--- TASK BRIEF ---
From the entries, copy each line that includes "collection".

(Beginning of RECORD SET)

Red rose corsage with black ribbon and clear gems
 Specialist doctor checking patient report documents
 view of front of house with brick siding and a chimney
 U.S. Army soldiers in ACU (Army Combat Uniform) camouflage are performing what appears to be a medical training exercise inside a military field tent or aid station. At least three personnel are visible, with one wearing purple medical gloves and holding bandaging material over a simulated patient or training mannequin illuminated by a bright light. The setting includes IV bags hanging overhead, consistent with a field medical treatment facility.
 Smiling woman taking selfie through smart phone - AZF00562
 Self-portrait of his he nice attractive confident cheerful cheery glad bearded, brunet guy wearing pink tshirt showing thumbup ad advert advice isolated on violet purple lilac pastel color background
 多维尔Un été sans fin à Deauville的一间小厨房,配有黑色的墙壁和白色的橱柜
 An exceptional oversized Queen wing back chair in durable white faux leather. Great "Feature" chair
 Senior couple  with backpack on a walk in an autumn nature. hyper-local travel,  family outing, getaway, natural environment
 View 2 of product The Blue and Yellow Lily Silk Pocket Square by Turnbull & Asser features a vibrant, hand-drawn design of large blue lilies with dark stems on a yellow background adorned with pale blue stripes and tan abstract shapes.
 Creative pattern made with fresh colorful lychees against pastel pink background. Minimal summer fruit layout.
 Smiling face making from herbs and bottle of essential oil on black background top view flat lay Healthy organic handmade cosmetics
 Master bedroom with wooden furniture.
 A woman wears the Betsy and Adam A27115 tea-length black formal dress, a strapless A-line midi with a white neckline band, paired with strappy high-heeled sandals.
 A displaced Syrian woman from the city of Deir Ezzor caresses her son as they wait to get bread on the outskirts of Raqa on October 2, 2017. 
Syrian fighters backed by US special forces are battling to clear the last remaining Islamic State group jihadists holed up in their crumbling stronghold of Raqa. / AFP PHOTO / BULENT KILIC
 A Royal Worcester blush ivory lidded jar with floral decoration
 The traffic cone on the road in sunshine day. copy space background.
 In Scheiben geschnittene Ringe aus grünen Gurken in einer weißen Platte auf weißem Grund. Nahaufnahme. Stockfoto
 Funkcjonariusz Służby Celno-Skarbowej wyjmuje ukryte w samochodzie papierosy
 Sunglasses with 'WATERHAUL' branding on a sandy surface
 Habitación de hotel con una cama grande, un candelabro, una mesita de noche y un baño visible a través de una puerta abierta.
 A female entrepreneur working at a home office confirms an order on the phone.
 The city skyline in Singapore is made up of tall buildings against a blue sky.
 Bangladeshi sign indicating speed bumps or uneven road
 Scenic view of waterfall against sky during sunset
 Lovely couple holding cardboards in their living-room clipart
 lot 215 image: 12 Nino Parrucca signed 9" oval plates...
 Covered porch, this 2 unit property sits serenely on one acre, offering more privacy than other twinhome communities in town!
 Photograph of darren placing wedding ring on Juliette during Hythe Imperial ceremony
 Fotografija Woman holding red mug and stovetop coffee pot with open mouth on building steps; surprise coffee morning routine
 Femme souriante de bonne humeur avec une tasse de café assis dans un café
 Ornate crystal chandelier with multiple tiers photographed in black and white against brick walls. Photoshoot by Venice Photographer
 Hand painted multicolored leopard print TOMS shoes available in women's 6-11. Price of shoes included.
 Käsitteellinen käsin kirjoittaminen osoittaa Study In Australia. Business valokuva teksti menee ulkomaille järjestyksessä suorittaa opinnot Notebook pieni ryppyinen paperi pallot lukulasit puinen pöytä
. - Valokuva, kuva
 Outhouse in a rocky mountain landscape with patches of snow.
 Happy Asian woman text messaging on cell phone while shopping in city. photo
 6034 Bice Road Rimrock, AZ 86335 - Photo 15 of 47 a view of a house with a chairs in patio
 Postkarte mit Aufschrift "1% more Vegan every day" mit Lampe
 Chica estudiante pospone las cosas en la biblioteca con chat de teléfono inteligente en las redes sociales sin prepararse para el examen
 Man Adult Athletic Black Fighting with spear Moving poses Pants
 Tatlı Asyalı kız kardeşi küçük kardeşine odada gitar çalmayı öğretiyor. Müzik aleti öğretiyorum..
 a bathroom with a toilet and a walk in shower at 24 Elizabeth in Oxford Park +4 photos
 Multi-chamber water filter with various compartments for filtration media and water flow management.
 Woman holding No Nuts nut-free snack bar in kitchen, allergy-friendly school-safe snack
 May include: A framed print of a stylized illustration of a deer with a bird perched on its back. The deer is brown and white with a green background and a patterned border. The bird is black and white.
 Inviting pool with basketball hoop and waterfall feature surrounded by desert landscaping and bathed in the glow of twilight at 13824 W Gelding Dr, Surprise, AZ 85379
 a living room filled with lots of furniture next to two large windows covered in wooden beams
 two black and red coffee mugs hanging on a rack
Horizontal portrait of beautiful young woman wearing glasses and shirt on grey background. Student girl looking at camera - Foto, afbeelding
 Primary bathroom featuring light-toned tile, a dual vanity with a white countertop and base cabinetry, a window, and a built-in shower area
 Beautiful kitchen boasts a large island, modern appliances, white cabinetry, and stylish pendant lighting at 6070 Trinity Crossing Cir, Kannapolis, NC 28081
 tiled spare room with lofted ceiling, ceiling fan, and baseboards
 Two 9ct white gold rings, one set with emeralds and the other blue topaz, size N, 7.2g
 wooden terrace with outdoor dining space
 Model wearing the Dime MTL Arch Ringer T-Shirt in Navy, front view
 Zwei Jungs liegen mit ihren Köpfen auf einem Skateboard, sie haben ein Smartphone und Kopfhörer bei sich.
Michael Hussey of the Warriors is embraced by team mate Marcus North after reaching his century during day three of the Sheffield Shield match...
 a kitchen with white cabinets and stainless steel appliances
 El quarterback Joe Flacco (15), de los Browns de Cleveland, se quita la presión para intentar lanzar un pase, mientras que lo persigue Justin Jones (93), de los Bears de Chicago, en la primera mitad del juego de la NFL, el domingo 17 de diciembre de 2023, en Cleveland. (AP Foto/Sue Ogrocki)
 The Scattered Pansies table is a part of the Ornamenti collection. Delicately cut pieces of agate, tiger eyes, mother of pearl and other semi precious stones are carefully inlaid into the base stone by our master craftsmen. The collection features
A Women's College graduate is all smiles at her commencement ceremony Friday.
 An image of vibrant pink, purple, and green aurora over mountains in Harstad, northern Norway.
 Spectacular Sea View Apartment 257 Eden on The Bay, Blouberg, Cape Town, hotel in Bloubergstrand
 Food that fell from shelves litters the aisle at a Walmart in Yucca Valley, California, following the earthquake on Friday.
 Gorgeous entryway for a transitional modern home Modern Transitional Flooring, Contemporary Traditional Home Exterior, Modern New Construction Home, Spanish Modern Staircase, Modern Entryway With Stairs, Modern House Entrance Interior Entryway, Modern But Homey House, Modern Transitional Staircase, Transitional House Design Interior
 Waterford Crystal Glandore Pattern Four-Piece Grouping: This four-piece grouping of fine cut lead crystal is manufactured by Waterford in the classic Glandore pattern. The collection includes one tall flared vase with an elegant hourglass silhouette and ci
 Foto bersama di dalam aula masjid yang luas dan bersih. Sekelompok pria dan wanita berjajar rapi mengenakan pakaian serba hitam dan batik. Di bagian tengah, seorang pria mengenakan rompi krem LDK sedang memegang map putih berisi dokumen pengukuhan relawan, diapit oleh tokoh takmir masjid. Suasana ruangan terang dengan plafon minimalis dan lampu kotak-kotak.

(End of RECORD SET)

--- RESULT FOR THIS EXERCISE ---
 The Scattered Pansies table is a part of the Ornamenti collection. Delicately cut pieces of agate, tiger eyes, mother of pearl and other semi precious stones are carefully inlaid into the base stone by our master craftsmen. The collection features
 Waterford Crystal Glandore Pattern Four-Piece Grouping: This four-piece grouping of fine cut lead crystal is manufactured by Waterford in the classic Glandore pattern. The collection includes one tall flared vase with an elegant hourglass silhouette and ci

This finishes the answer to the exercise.